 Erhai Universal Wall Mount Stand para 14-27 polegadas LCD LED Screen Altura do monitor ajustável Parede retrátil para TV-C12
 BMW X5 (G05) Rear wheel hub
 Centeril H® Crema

============================================================

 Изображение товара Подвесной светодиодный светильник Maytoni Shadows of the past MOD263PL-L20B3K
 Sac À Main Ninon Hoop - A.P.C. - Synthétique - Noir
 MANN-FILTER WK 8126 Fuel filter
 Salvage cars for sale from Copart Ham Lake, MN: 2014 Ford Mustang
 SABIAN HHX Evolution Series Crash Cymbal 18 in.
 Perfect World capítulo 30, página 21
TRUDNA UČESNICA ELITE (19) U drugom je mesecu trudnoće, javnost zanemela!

============================================================

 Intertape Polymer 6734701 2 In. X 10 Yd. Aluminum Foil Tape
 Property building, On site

============================================================

— WORK REQUEST —
Produce only the lines from the line containing "Erhai Universal Wall" through the line containing "Centeril H® Crema", inclusive of both, exactly as they stand in the entries above.

— WRITTEN REPLY —
 Erhai Universal Wall Mount Stand para 14-27 polegadas LCD LED Screen Altura do monitor ajustável Parede retrátil para TV-C12
 BMW X5 (G05) Rear wheel hub
 Centeril H® Crema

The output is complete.